Юрий Черняков - Чудо в перьях
И оба захохотали. И, продолжая смеяться, гость положил конфету в рот, откусил… И тут же заорал от боли, схватившись за щеку.
— Что, зуб? — участливо спросил хозяин, склонившись над ним. Тот выплюнул на блюдце два зуба. Один был сломанный, почерневший, другой золотой…
Держась за щеку, Цаплин ошарашенно смотрел на содержимое блюдца, казалось, забыв о боли.
— Что это? — спросил он. — У меня никогда не было золотого зуба!
— А это золото в шоколаде! — спокойно сказал Радимов, допивая свою чашку и жуя конфету. — Вон, видишь, у меня тоже. Что ты там написал, Рома, с разоблачительными подробностями? Вот: вишня в шоколаде, конфеты с ликером, которых никогда не было в продаже в государственных магазинах… Так что придется переписывать донос, Рома! Золото в шоколаде — похлеще будет!
И засмеялся, как дитя, указывая пальцем на ошалевшего гостя.
— Разыграл я тебя, а? Давно так не разыгрывал! Да, пожалуй, с прошлого века, при царствовании Александра Второго, освободителя, когда ты подговорил студентов бомбу кинуть под мой экипаж! Те, дурни, бомбу кинули, кучера насмерть, из лошадей кишки по земле, а ты, родной, стоял, радовался в сторонке, мол смерть царскому сатрапу, обманувшему крестьян пресловутой свободой! Я тут сзади к тебе подошел и легонько так по плечику твоему, помню, в пальтишке ты был суконном, моей мануфактурой сработанном, потрепал. Ты живо обернулся, не чаял меня живого видеть! Чуть Богу душу не отдал от такого разочарования! А в коляске-то был твой единомышленник, Гришка Полуэктов, названый твой собрат по борьбе. Связали мы его, пальто мое аглицкое надели, фуражку мою с красным околышем… Да рот заткнули. Вот лошадей было жалко, я за них купчишке Самодееву полтыщи отдал за каждую! Да ладно, чего не дашь, чтоб увидеть тебя изумленного неожиданностями жизни да превратностями судьбы! Вот как сейчас!

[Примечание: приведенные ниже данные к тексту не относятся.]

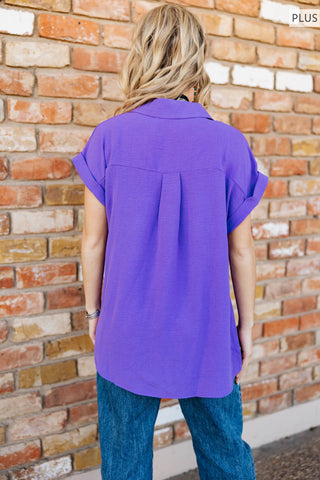 Pleated Button Woven Top Plus
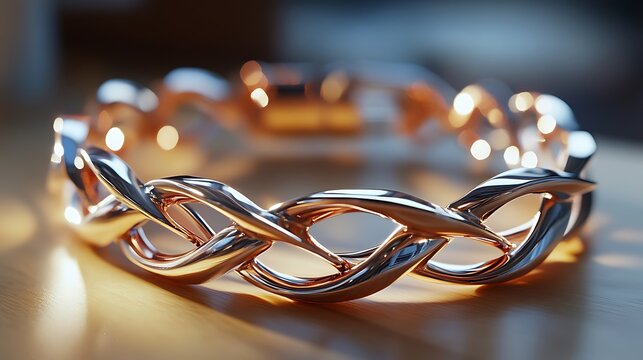 A modern bracelet with interlocking rose gold and platinum loops, glowing softly under warm light 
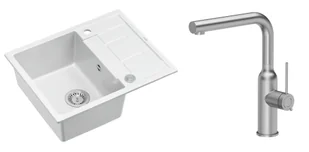Quadron Unique Zlewozmywak granitowy jednokomorowy 62*50*22 cm z ociekaczem MORGAN 116 SNOW WHITE z syfonem Push-2-Open w kolorze stalowym z baterią ANGELINA Q LINE z wyciąganą wylewką kolor stal szczotkowana - Zlewozmywaki z baterią - miniaturka - grafika 1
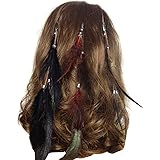 Set of 3 Handmade Boho Hippie Hair Extensions with Feather Clip Comb Headdress Hairpin DIY Accessories for Women Lady Girls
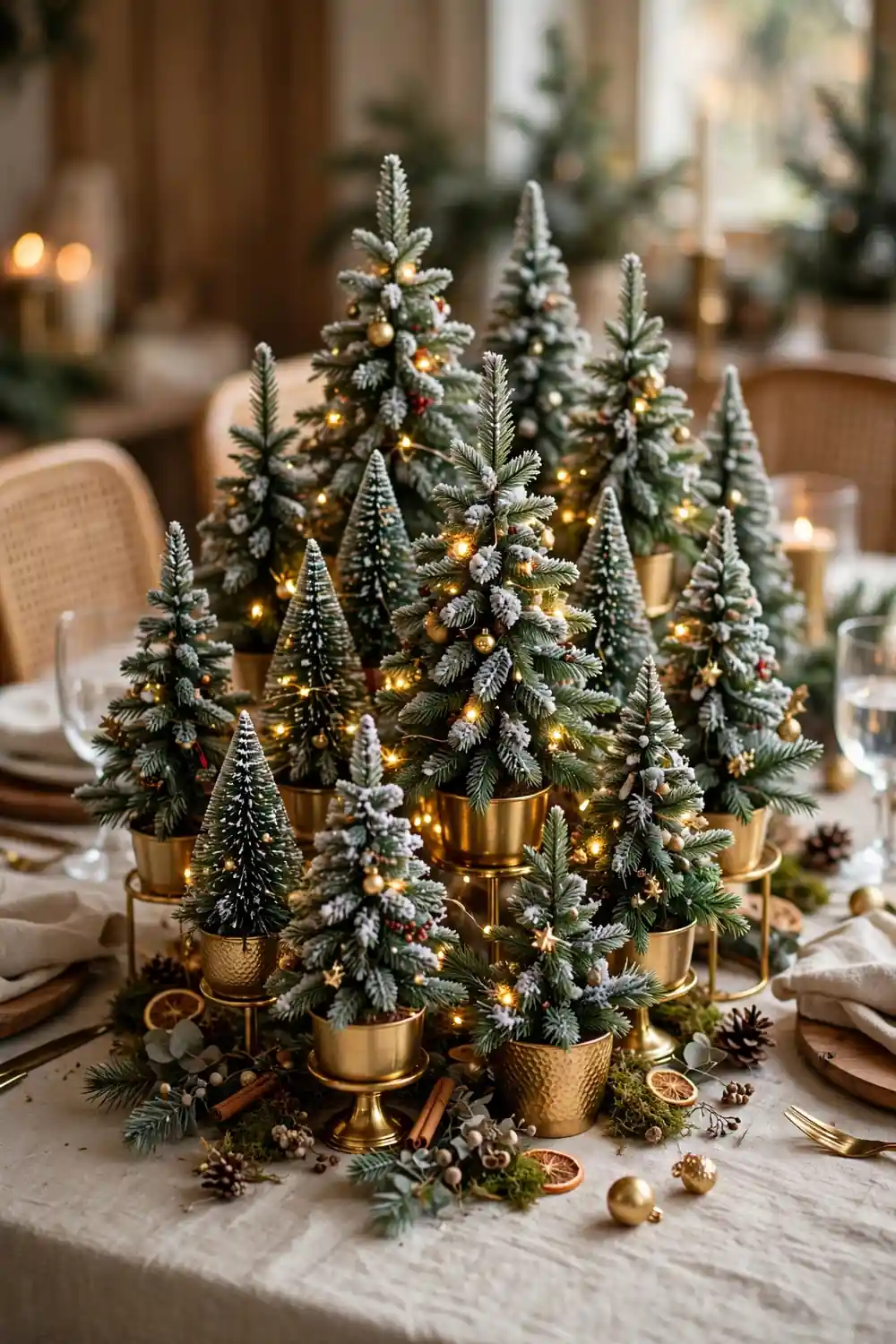 Mini Christmas Tree Forest Christmas Centerpiece Mini Christmas tree forest centerpiece, a playful christmas centerpiece idea for a holiday table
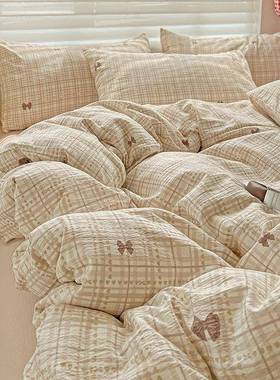 小清宿新春夏A类新款皱皱双层49813纱四件套床单被套三舍件套上床用品4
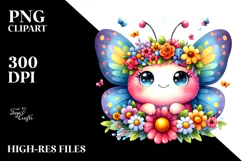 Vibrant Butterfly with Flower Crown PNG Product Image 2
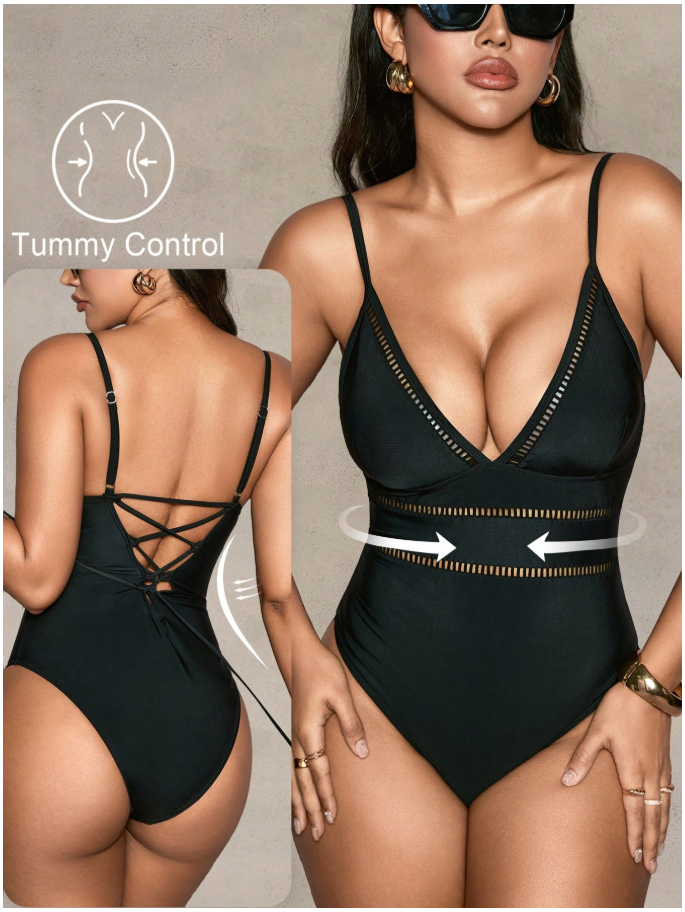 Traje de baño negro halter con detalles en cintura control abdomen - 6086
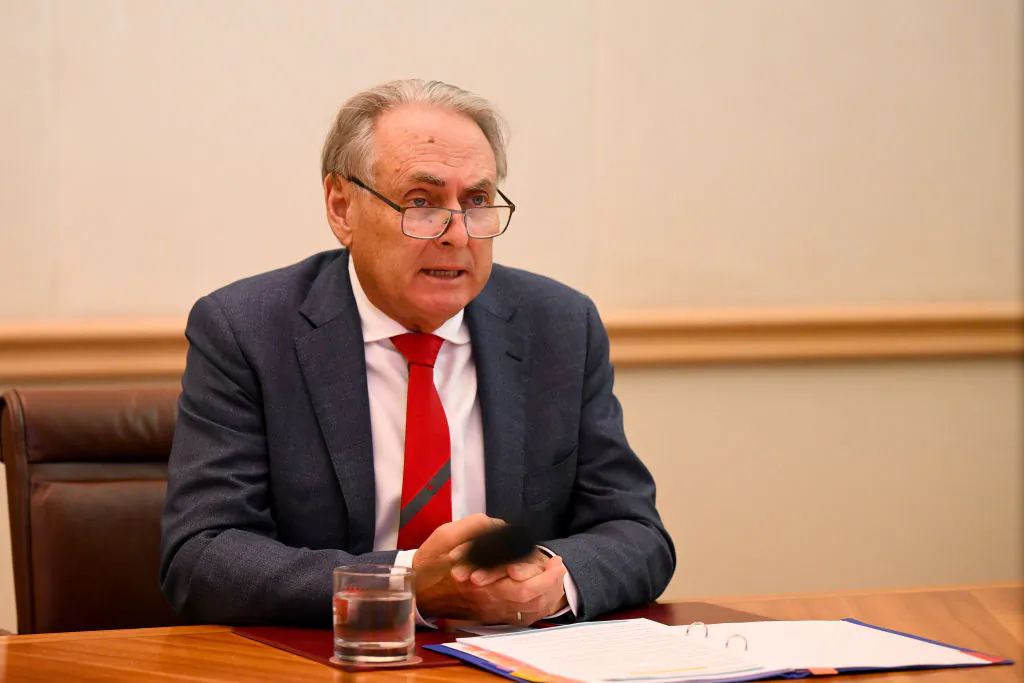 Australian Trade Minister Don Farrell speaks during a meeting via teleconference at Parliament House in Canberra, Australia, on Feb. 6, 2023. (Lukas Coch-Pool/Getty Images)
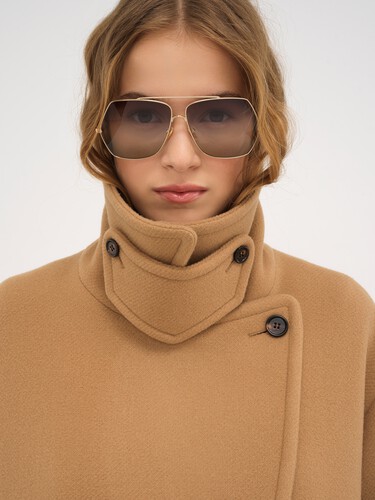 Oversized short coat in wool - 6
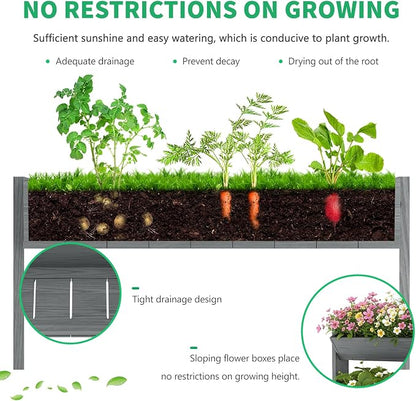 DoCred Vertical Wooden Raised Garden Bed, 4 Tier Upgraded Garden Planters Freestanding Wood Plant Stand Flower Rack Wooden Planter Box for Plants Herbs Flowers Vegetables Outdoor Indoor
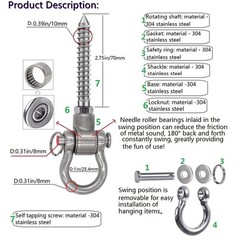 4 Heavy Duty Swing Hangers Permanent Anti Rust Bearing, 180 Swing Hardware, 1…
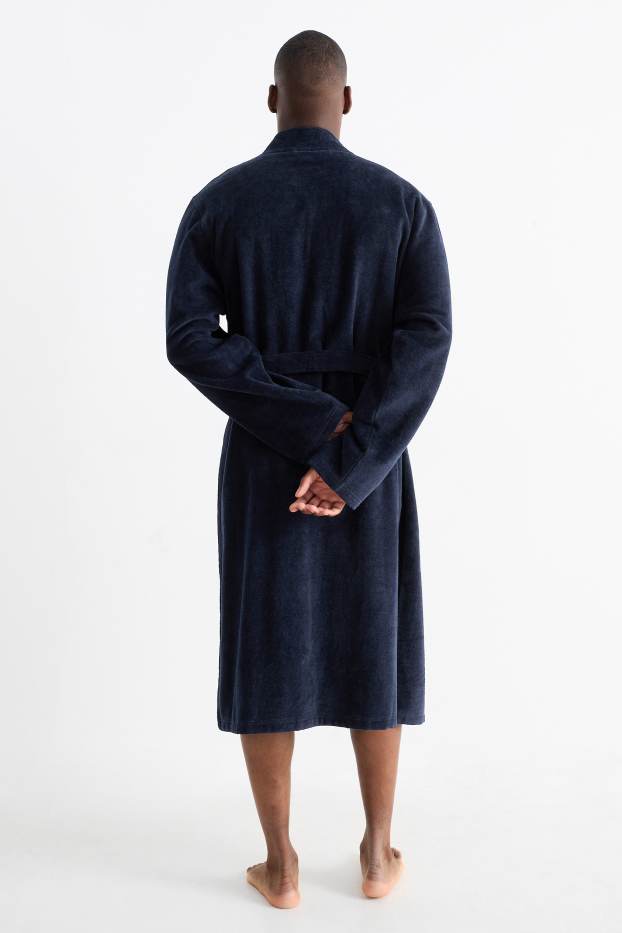 Men - Terry cloth bathrobe - dark blue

Забыв о боли, Цаплин смотрел на него, приоткрыв рот. Я тоже еще не видел Радимова таким. Другое лицо, более утонченное и благородное, другая речь, голос другой, казалось, он переживал на наших глазах очередное свое перевоплощение, только прижизненное и в обратную сторону.
Потом он запнулся, лицо его потускнело и погрустнело.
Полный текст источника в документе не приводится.